SOURCE RECORDS
^^^^^^^^

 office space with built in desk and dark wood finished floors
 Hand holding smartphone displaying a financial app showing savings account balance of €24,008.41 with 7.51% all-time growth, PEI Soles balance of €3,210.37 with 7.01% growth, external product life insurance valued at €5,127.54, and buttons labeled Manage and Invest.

^^^^^^^^

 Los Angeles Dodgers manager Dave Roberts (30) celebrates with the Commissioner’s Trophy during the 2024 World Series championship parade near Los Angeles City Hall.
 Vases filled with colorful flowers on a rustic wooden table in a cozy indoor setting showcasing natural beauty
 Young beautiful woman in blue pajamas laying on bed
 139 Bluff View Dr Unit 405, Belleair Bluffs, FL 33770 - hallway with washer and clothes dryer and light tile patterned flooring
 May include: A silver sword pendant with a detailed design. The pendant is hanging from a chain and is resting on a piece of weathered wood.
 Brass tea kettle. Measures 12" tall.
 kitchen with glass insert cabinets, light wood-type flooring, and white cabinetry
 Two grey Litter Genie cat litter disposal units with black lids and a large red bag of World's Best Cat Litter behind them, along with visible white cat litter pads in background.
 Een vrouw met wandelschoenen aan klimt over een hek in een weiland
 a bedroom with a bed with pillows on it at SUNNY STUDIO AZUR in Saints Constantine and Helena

^^^^^^^^

TASK DETAILS
Taking the lines above, repeat exactly those from the line that contains "Brass tea kettle." through the line that contains "a bedroom with", and both of those lines as well. Include nothing else.

RESPONSE AREA
 Brass tea kettle. Measures 12" tall.
 kitchen with glass insert cabinets, light wood-type flooring, and white cabinetry
 Two grey Litter Genie cat litter disposal units with black lids and a large red bag of World's Best Cat Litter behind them, along with visible white cat litter pads in background.
 Een vrouw met wandelschoenen aan klimt over een hek in een weiland
 a bedroom with a bed with pillows on it at SUNNY STUDIO AZUR in Saints Constantine and Helena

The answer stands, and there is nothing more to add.